## EXERCISE INSTRUCTIONS
Lines before the one containing "khởi đầu bằng một con côn chapter 93 23" are not wanted; restate the rest below word for word, through the last line, but drop any pictures.

Saved data entries:
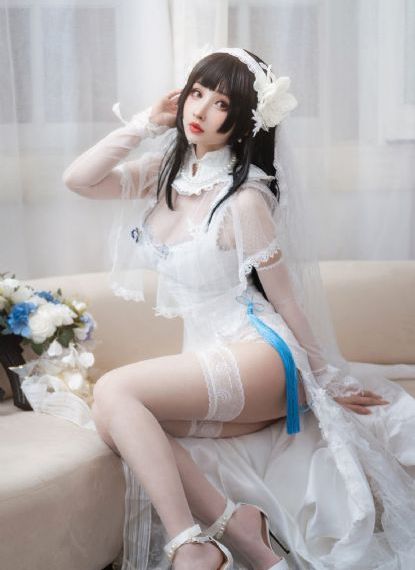 最强大脑第四季_国产剧动漫免费观看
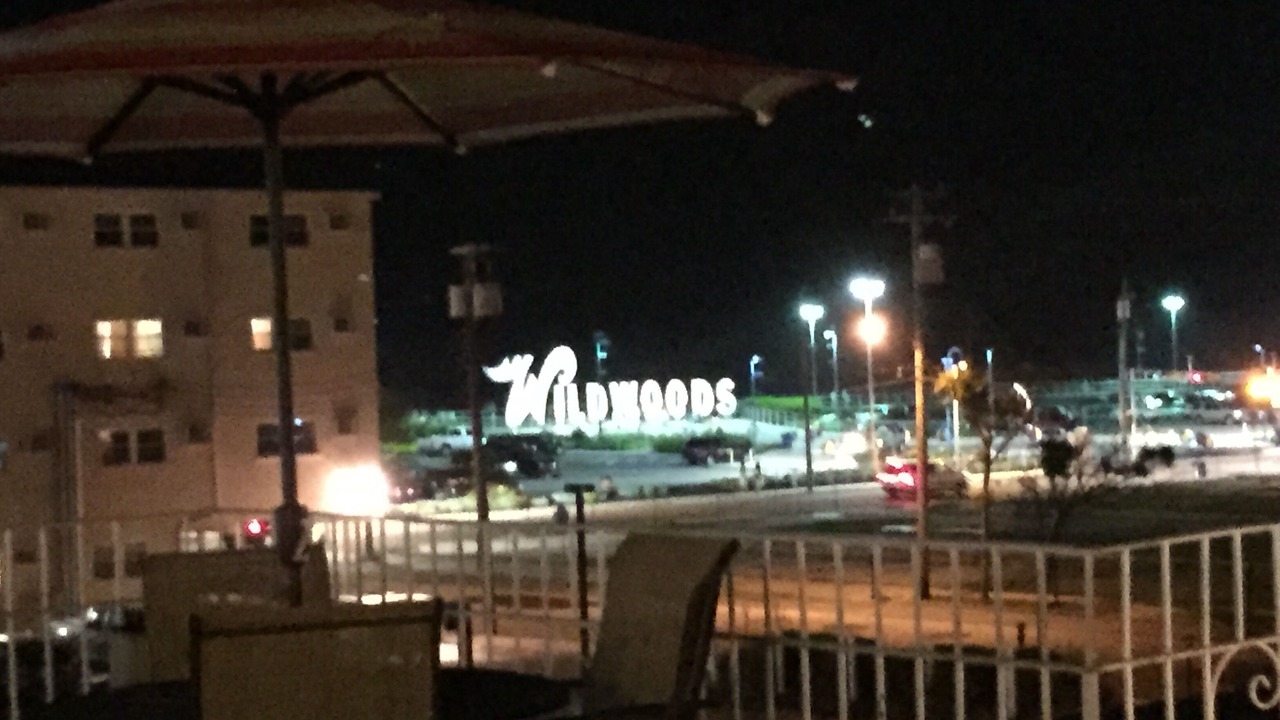 Photo of Outdoor in Wildwood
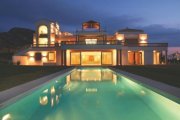 Alcúdia Atemberaubendes Anwesen mit fantastischem Blick Haus kaufen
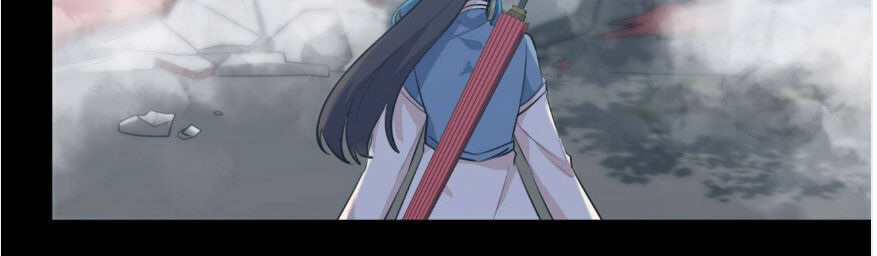 khởi đầu bằng một con côn chapter 93 23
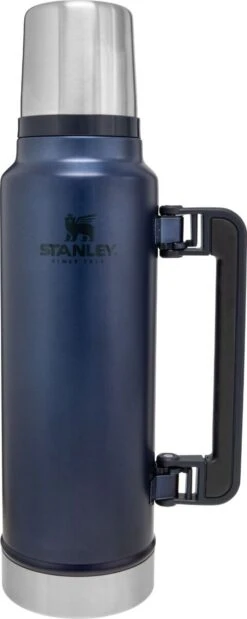Stanley Classic Vacuum Bottle 1,40L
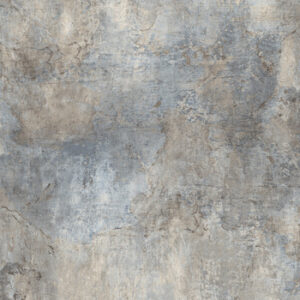 Papel de Parede Icon 191703 | Consultar disponibilidade do Produto |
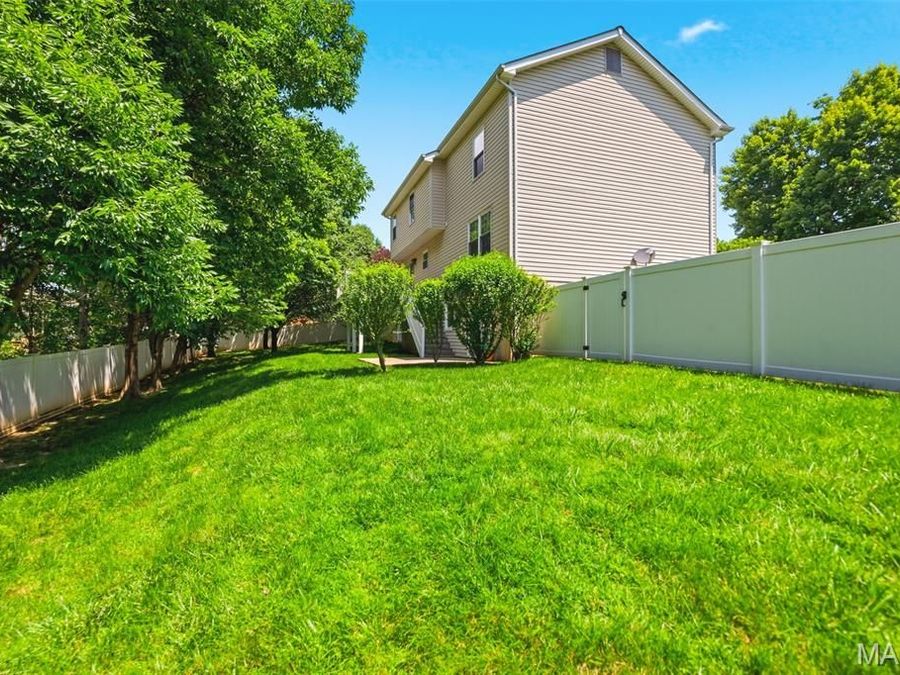 Property Image 55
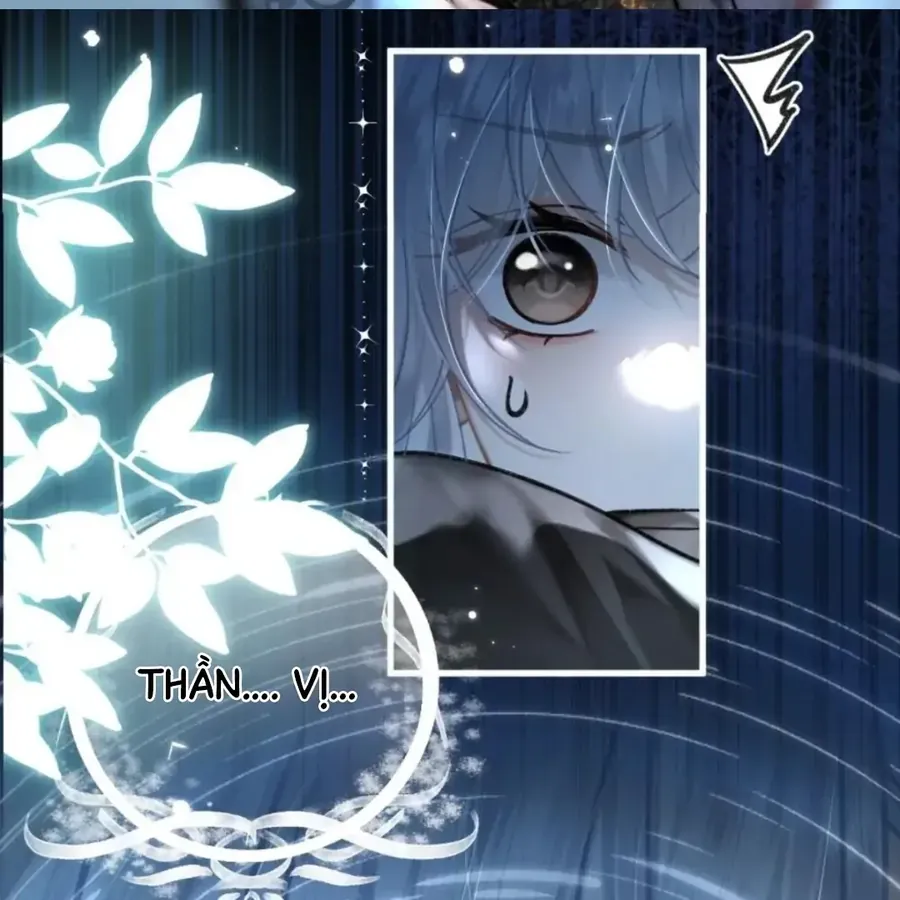 Đến Đông Hải Tìm Mỹ Nhân Chap 69 - Next Chap 70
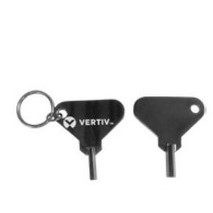 Allen Key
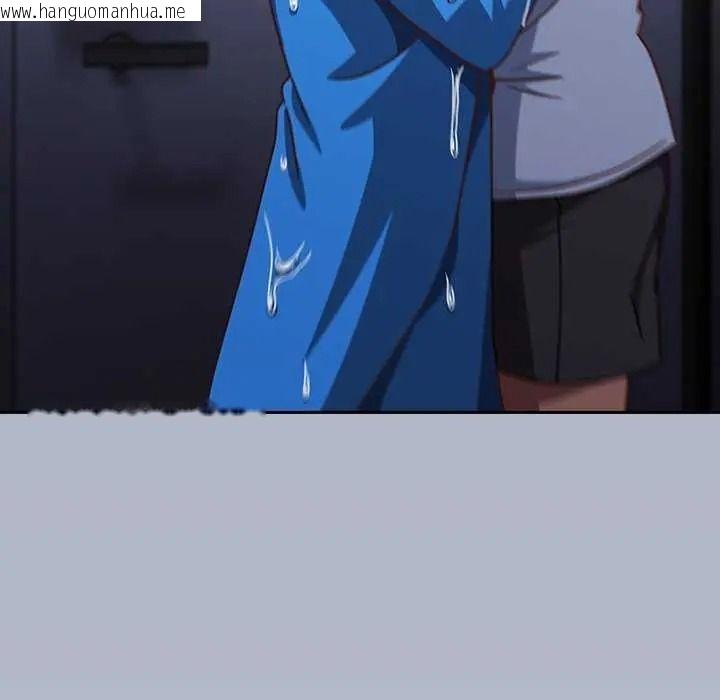 韩国漫画摸鱼生存指南/上班不要太认真韩漫_摸鱼生存指南/上班不要太认真-第66话在线免费阅读-韩国漫画-第11张图片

## OUTPUT FOR THIS TASK
 khởi đầu bằng một con côn chapter 93 23
Stanley Classic Vacuum Bottle 1,40L
 Papel de Parede Icon 191703 | Consultar disponibilidade do Produto |
 Property Image 55
 Đến Đông Hải Tìm Mỹ Nhân Chap 69 - Next Chap 70
 Allen Key
 韩国漫画摸鱼生存指南/上班不要太认真韩漫_摸鱼生存指南/上班不要太认真-第66话在线免费阅读-韩国漫画-第11张图片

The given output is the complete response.